WHAT YOU ARE ASKED TO DO:
An exact copy of the data below is needed; please leave out any pictures.

GIVEN DATA:
________

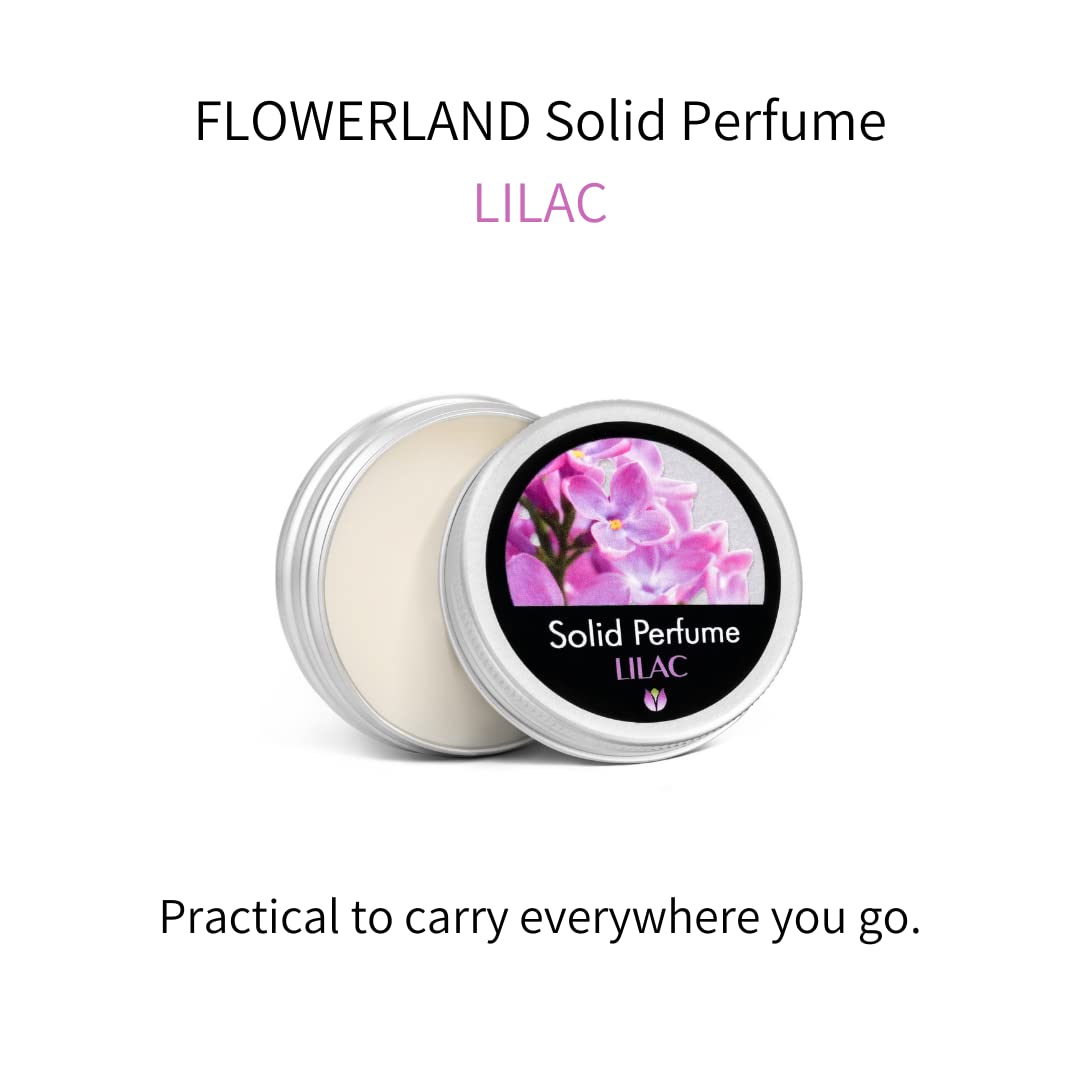 Flowerland Solid Perfume - Portable Pocket Balm Perfume Perfect for Travel Use - Natural Fragrance Parfum for Men and Women - Natural & Vegan - Lilac (30ml)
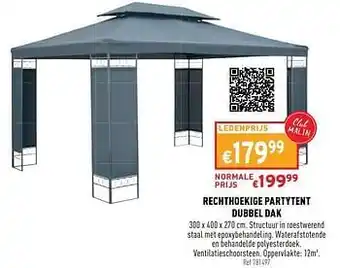 Rechthoekige partytent dubbel dak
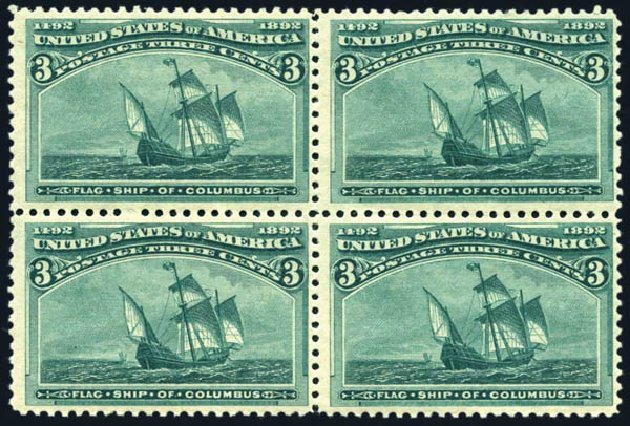 Prices of US Stamps Scott Catalogue 232: 1893 3c Columbian Exposition. Harmer-Schau Auction Galleries, Jun 2008, Sale 78, Lot 1414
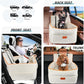 Dog Car Seat for Small Medium Dogs, Memory Foam Dog Booster Seats with Thick Cushion for Dogs Under 35lbs, Detachable Washable Pet Car Seat Travel Bed with Storage Pockets,2 Safety Belt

________

EXERCISE ANSWER:
 Flowerland Solid Perfume - Portable Pocket Balm Perfume Perfect for Travel Use - Natural Fragrance Parfum for Men and Women - Natural & Vegan - Lilac (30ml)
 Rechthoekige partytent dubbel dak
 Prices of US Stamps Scott Catalogue 232: 1893 3c Columbian Exposition. Harmer-Schau Auction Galleries, Jun 2008, Sale 78, Lot 1414
 Dog Car Seat for Small Medium Dogs, Memory Foam Dog Booster Seats with Thick Cushion for Dogs Under 35lbs, Detachable Washable Pet Car Seat Travel Bed with Storage Pockets,2 Safety Belt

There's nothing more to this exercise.